Material to process =

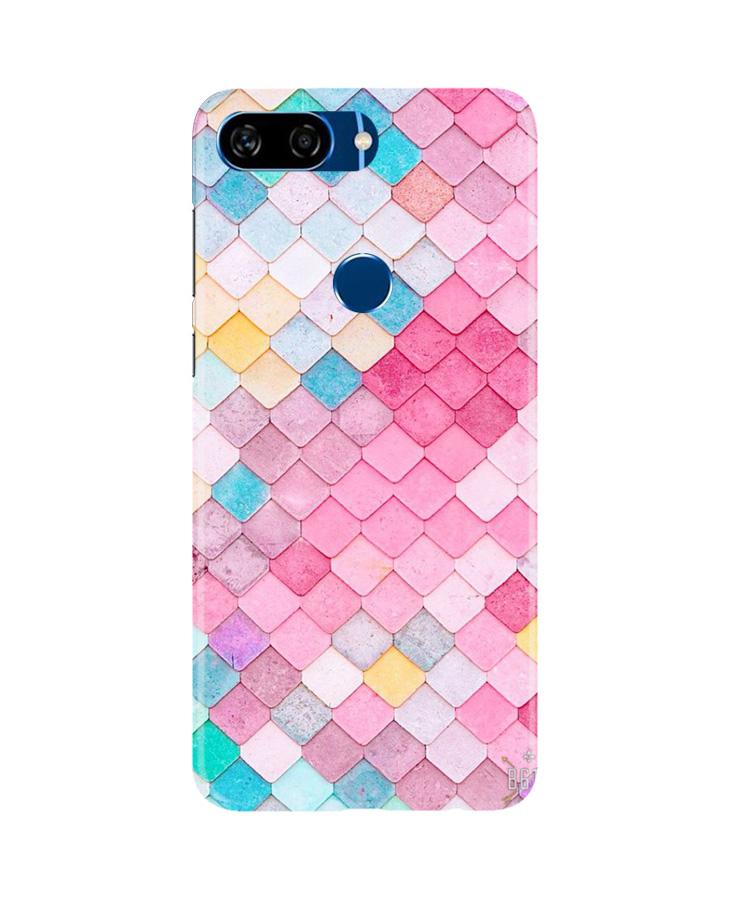 Pink Pattern Case for Gionee S11 Lite (Design No. 215)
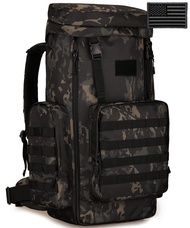 Tactical Hiking Daypack 70-85L Military MOLLE Assault Backpack Army Traveling Camping Pack Bug Out B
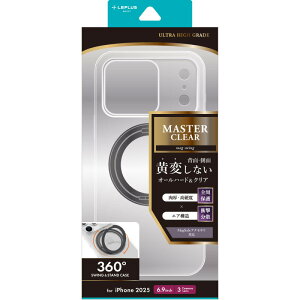 MS Products iPhone 17 Pro Max360x]X^htn[hP[X uMASTER CLEAR mag swingv NA/ubN LEPLUS LN-IL25MCMSBK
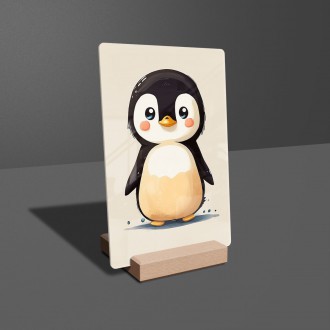 Acrylic glass Little penguin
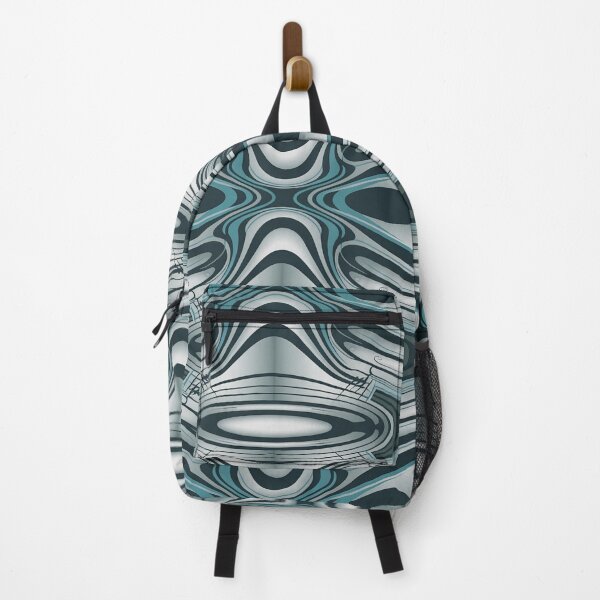 Item preview, Y2K Neon Ripple Pattern – Retro Cyber 2000s Geometric Wave Aesthetic designed and sold by Tamas Das.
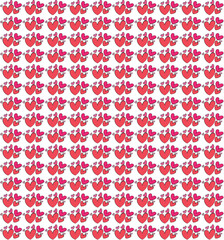 seamless pattern with hearts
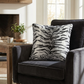 Plutus Black and White Zebra Animal Faux Fur Luxury Throw Pillow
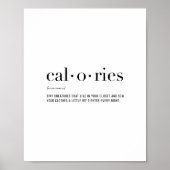 Poster Calories de définition (Devant)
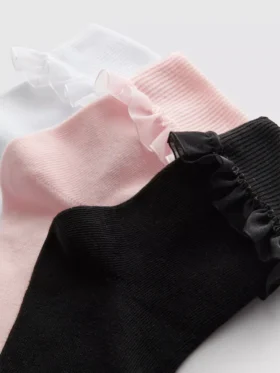 5er-Pack Knöchelsocken mit Tüllbesatz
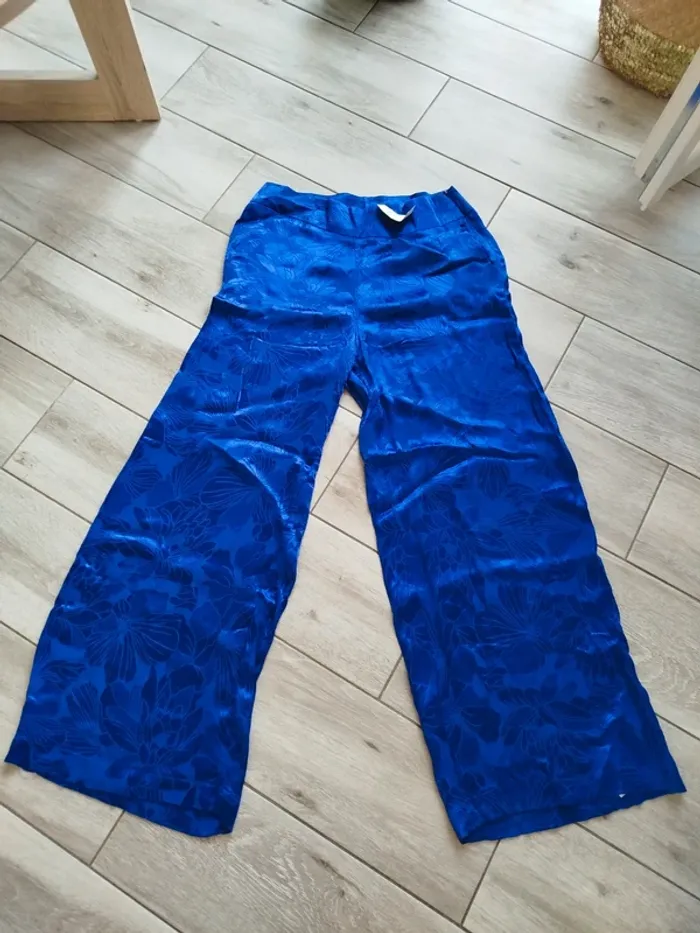 Pantalon large effet soie Pimkie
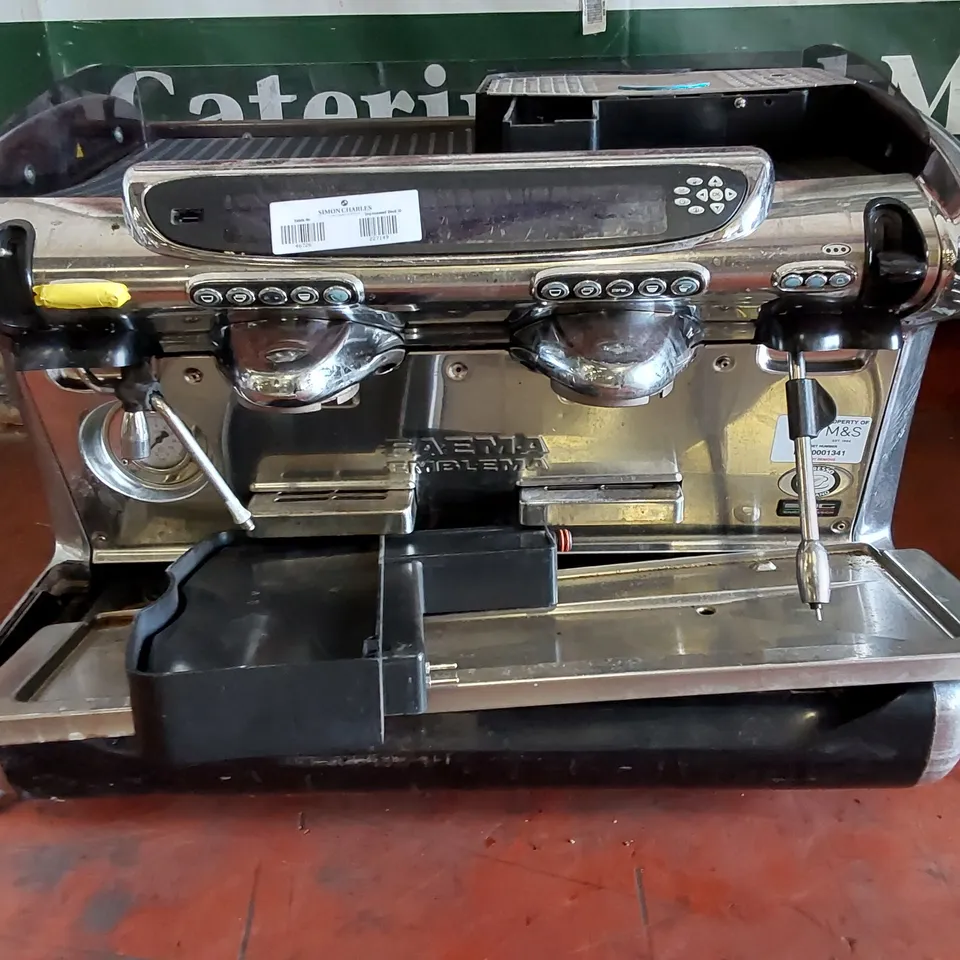 FAEMA EMBLEMA 2 GROUP ESPRESSO MACHINE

Exercise prompt =
Word for word, give back each entry from above, but skip any picture.

Solution for this task =
 Pink Pattern Case for Gionee S11 Lite (Design No. 215)
 Tactical Hiking Daypack 70-85L Military MOLLE Assault Backpack Army Traveling Camping Pack Bug Out B
 MS Products iPhone 17 Pro Max360x]X^htn[hP[X uMASTER CLEAR mag swingv NA/ubN LEPLUS LN-IL25MCMSBK
 Acrylic glass Little penguin
 Item preview, Y2K Neon Ripple Pattern – Retro Cyber 2000s Geometric Wave Aesthetic designed and sold by Tamas Das.
 seamless pattern with hearts
 Plutus Black and White Zebra Animal Faux Fur Luxury Throw Pillow
 Poster Calories de définition (Devant)
 5er-Pack Knöchelsocken mit Tüllbesatz
 Pantalon large effet soie Pimkie
 FAEMA EMBLEMA 2 GROUP ESPRESSO MACHINE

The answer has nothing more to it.